The byrne∙dean team comes from a variety of backgrounds, professional expertise and human experience.  We are variously trained and experienced in traditional litigation, mediation, investigation, counselling, coaching and much else besides.  Between us we have decades of experience of trying (and often failing) to resolve disputes in different ways.  We offer the following as some general observations on the realities, difficulties and opportunities of workplace dispute resolution.

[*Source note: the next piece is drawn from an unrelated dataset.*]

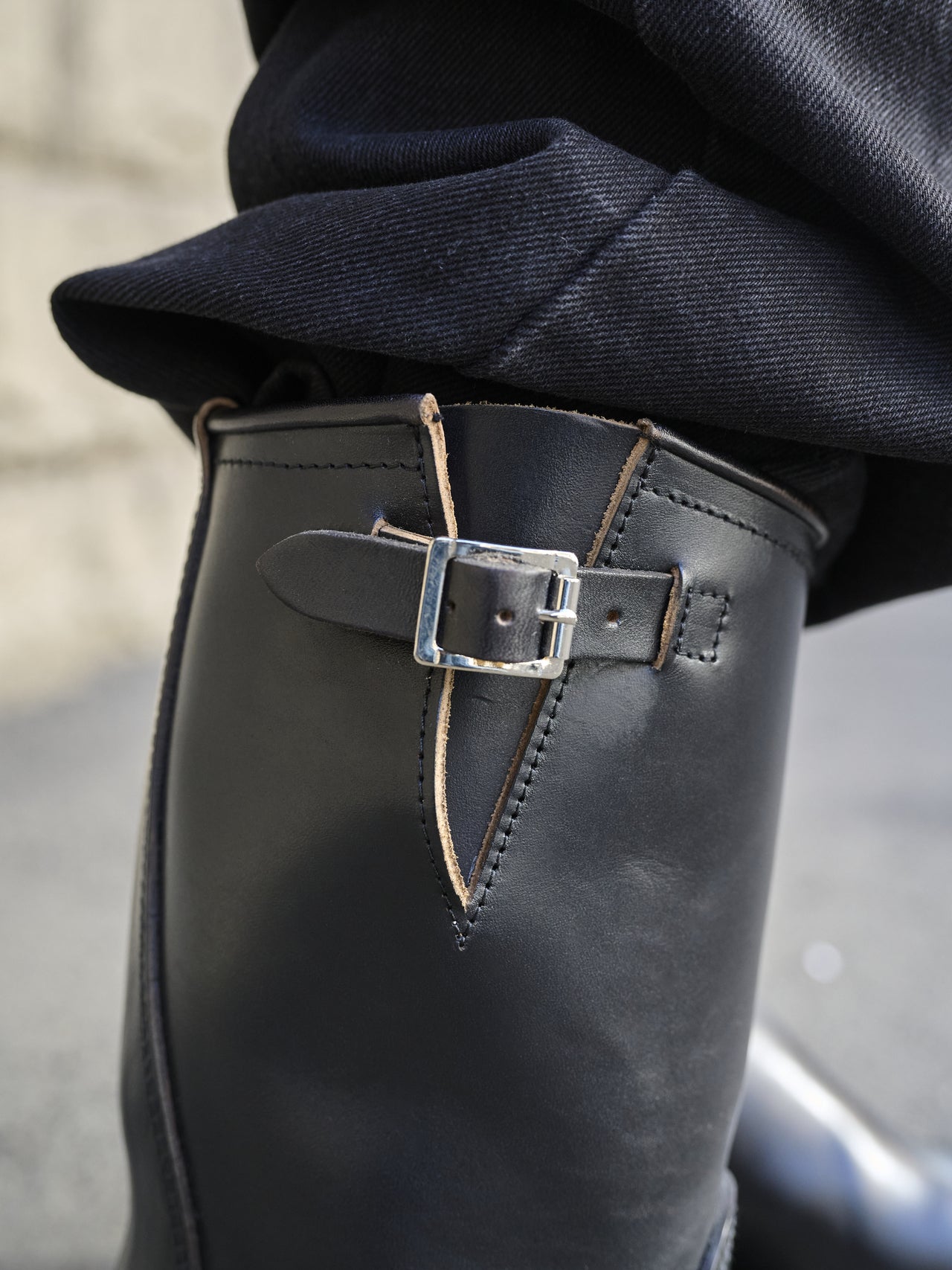 アトラクションズのブーツのベルト②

1. It’s a bit like being married….

It’s a truism that we spend more time with our work than with our life partners.  Both environments have hugely important parts to play in generating our overall sense of engagement, fulfilment, self worth and general happiness.  Yes we get paid to go to work and that is an important part of the deal, but the huge emotional connections and importance that work plays in our lives mean that beginning and ending a work relationship, and working through the problems in between, is as much an issue of the emotion and feelings involved as it is about anything else.  We start from the premise that ‘all employment problems are emotional problems.’

2. What doesn’t kill us makes us stronger

The strongest partnerships are those that have survived being tested – that have faced great turmoil, perhaps have looked over the brink of separation, and have worked through the issues and found an understanding and set of behaviours that enable them to continue – in work as much as at home.  If we can approach workplace conflict from a perspective of how to get into next year and beyond and still be together then we will build stronger, more sustainable and more rewarding work relationships.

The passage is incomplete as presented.